Ayyā Medhānandī Bhikkhunī, is the founder and guiding teacher of Sati Sārāņīya Hermitage, a Canadian forest monastery for women in the Theravāda tradition. The daughter of Eastern European refugees who emigrated to Montreal after World War II, she began a spiritual quest in childhood that led her to India, Burma, England, New Zealand, Malaysia, Taiwan, and finally, back to Canada.
In 1988, at the Yangon Mahasi retreat centre in Burma, Ayyā requested ordination as a bhikkhunī from her teacher, the Venerable Sayādaw U Pandita Mahāthera. This was not yet possible for Theravāda Buddhist women. Instead, Sayādaw granted her ordination as a 10 precept nun on condition that she take her vows for life. Thus began her monastic training in the Burmese tradition. When the borders were closed to foreigners by a military coup, in 1990 Sayādaw blessed her to join the Ajahn Chah Thai Forest Saņgha at Amaravati, UK.
After ten years in their siladhāra community, Ayyā felt called to more seclusion and solitude in New Zealand and SE Asia. In 2007, having waited nearly 20 years, she received bhikkhunī ordination at Ling Quan Chan Monastery in Keelung, Taiwan and returned to her native Canada in 2008, on invitation from the Ottawa Buddhist Society and Toronto Theravāda Buddhist Community, to establish Sati Sārāņīya Hermitage.

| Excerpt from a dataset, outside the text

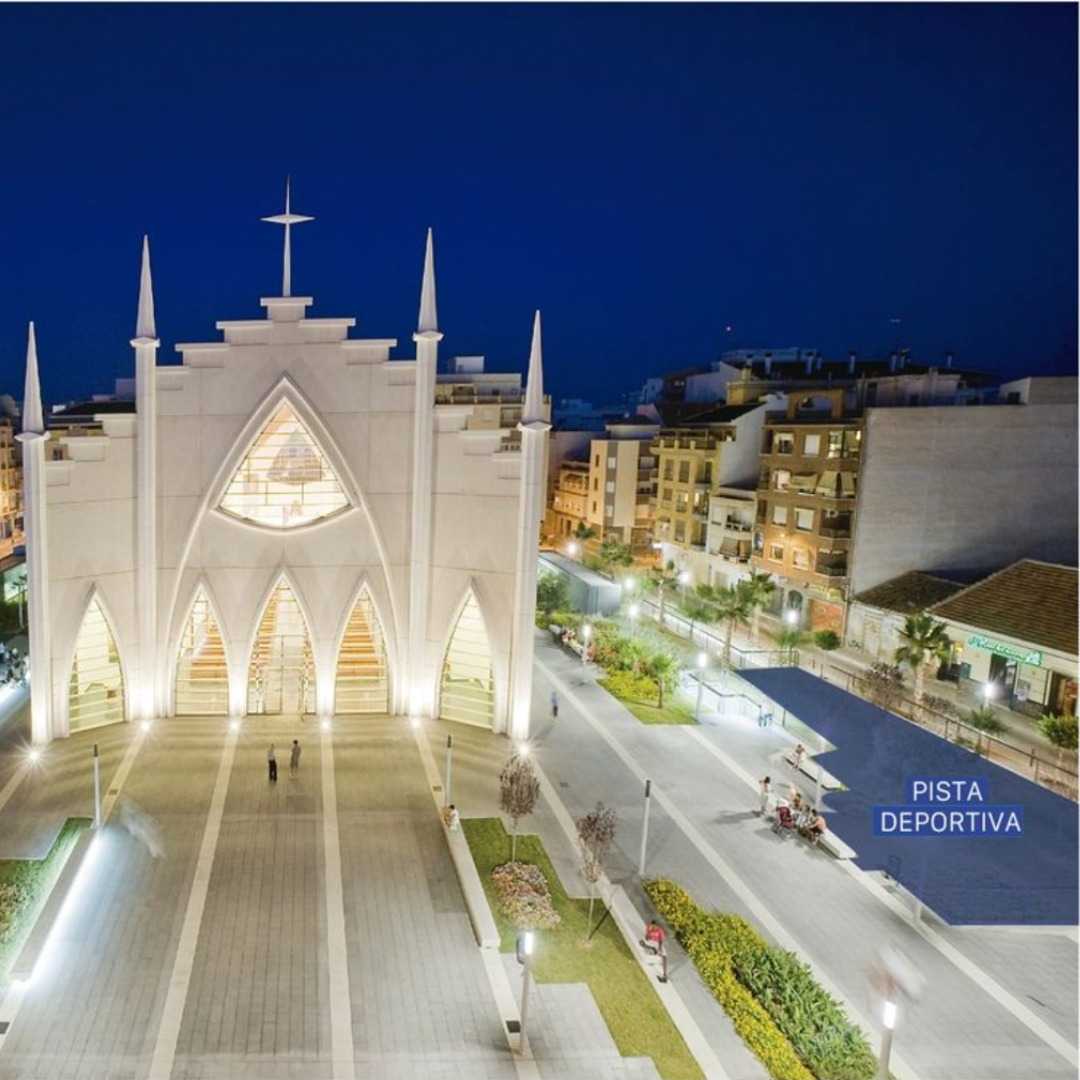 Plaza De Oriente para conseguir una zona deportiva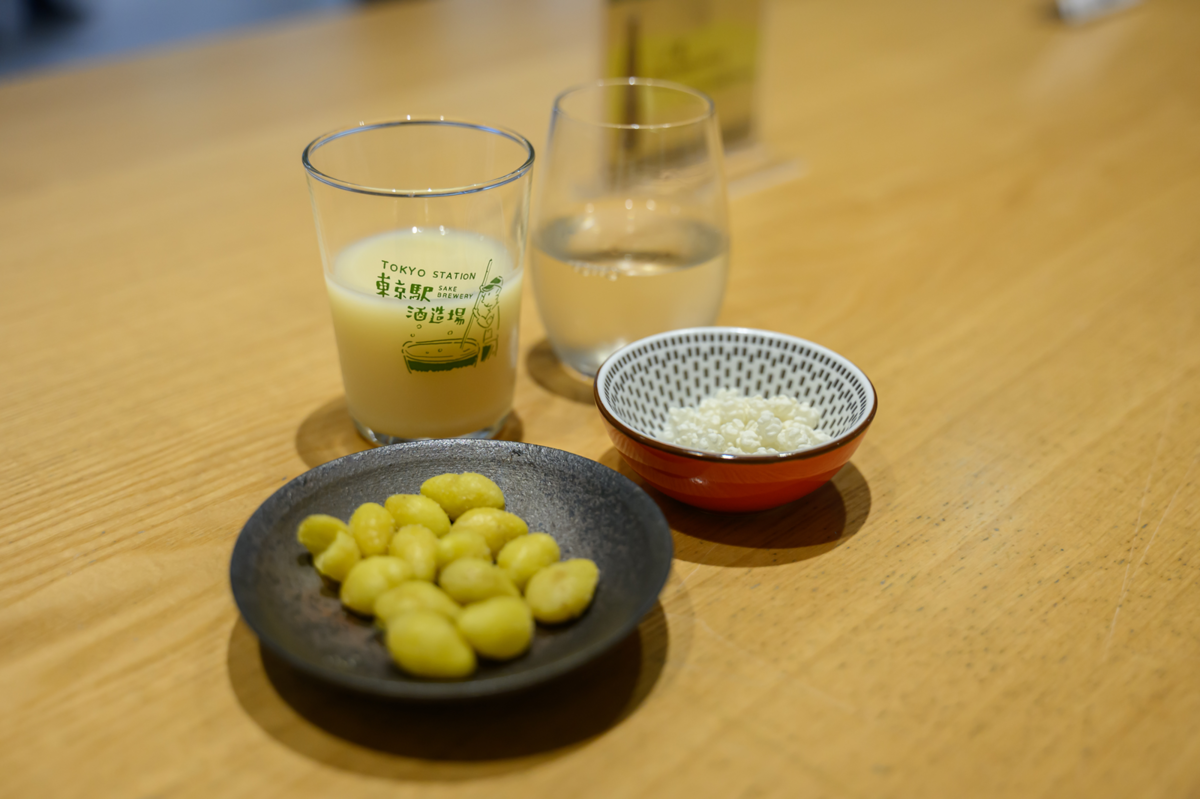 はせがわ酒店グランスタ東京店の日本酒とおつまみ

We can bear witness to each others’ suffering by recognizing genuine spiritual friends or kalyānamitta who share our values and our desire for awakening. Spiritual friends can help us identify our individual pitfalls and support our letting go of these obstacles. It is a joy to share the Dhamma together.
How can we avoid the pitfalls that Mara sets for us on the path? Develop Sati (mindfulness) to act as a gatekeeper that can recognize the earliest signs of delusion, ill will, and greed. At the same time, cultivate paññā, wisdom and sharp discernment to protect against unskillful speech, conduct, and intention or thought. These foundational practices will be both refuge and rescue from the snares of Mara!
To harvest the real riches of the journey, seek refuge and protection in wisdom; and gain profound peace and happiness through the practice of loving-kindness, compassion and forgiveness. These qualities of reconciliation uphold virtue, concord, care and respect so that we can befriend what is noble and realize the truth for ourselves. Even in the darkest hour, remember what you love, awaken the highest from within you, and light the path to freedom.
When we remember to empty out all the distraction, all the movement, all the roughness of life, nameless, formless, without identity - we touch the shore of truth as waves touch the shores of the ocean, reaching our true home in the fullness of this moment exactly as it is.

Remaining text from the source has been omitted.